» TASK BRIEF: Copy the data exactly. Images are to be left out.

» DATASET SECTION:
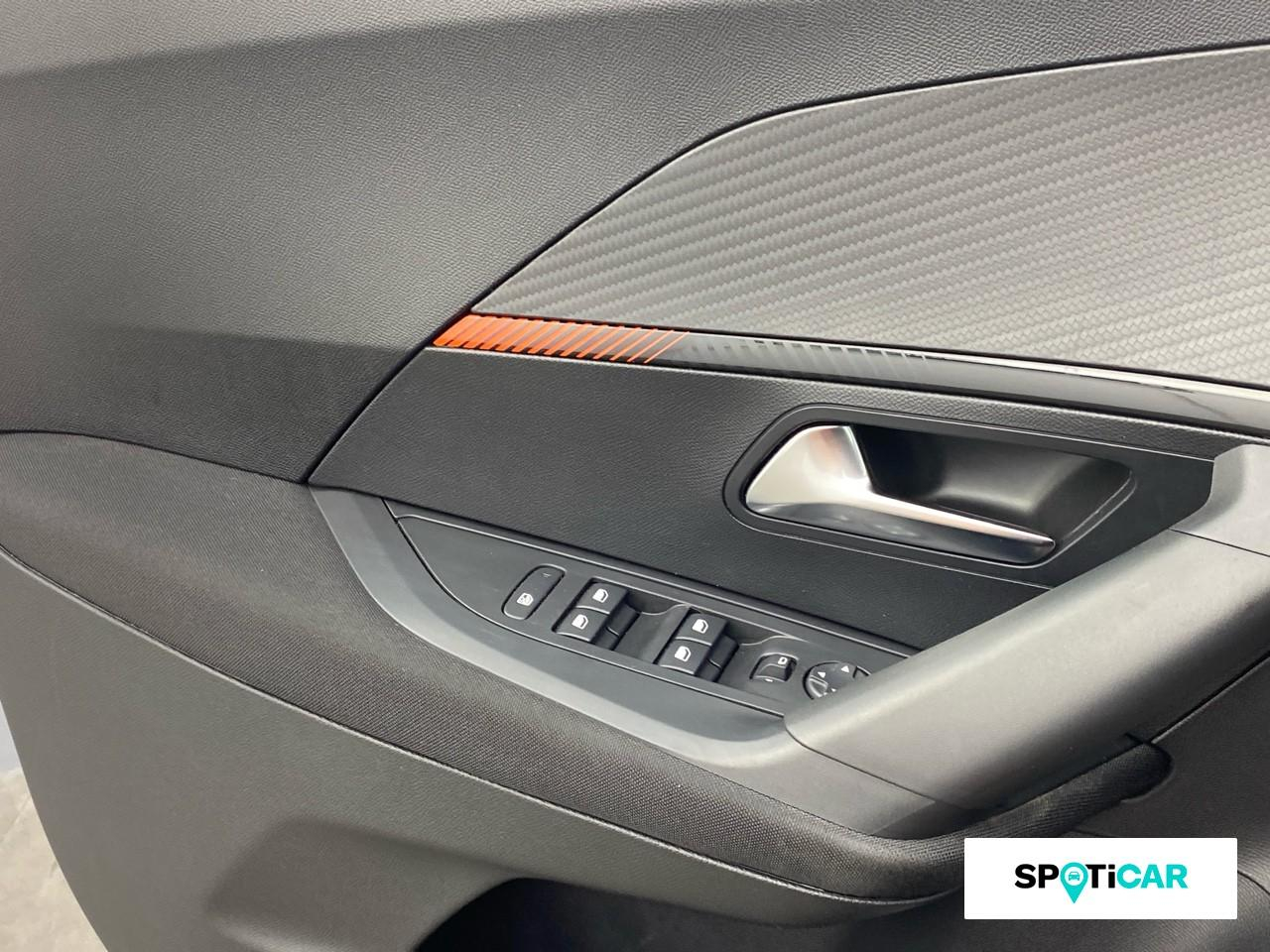 Peugeot 2008 1.2 puretech 100ch s&s active pack — photo 16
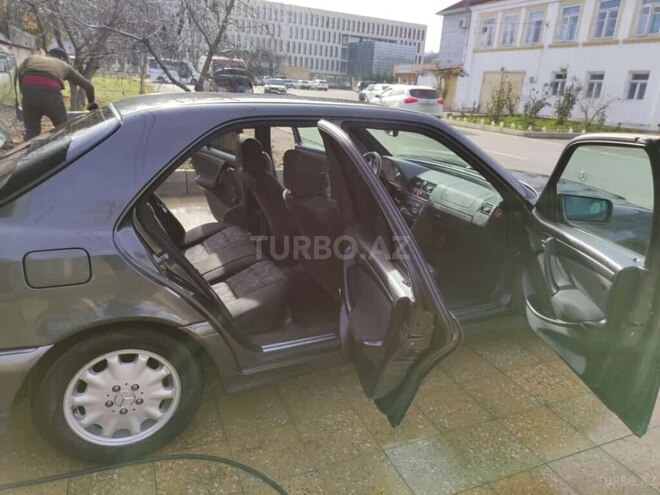 Mercedes C 200 1999, 358,000 km - 2.0 л - Quba
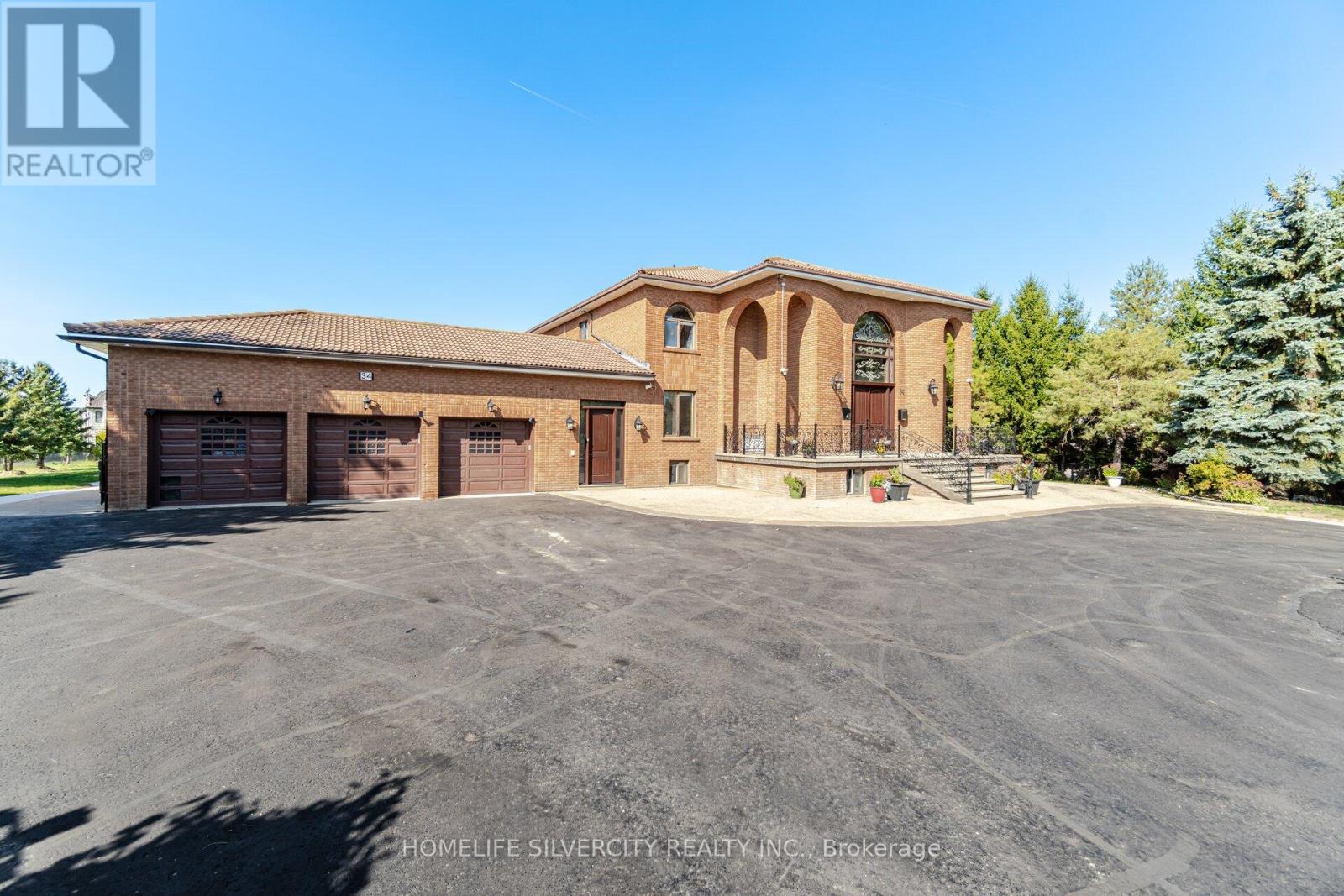 Property at 34 ESTATEVIEW CIRCLE image 4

» WRITTEN SOLUTION:
 Peugeot 2008 1.2 puretech 100ch s&s active pack — photo 16
 Mercedes C 200 1999, 358,000 km - 2.0 л - Quba
 Property at 34 ESTATEVIEW CIRCLE image 4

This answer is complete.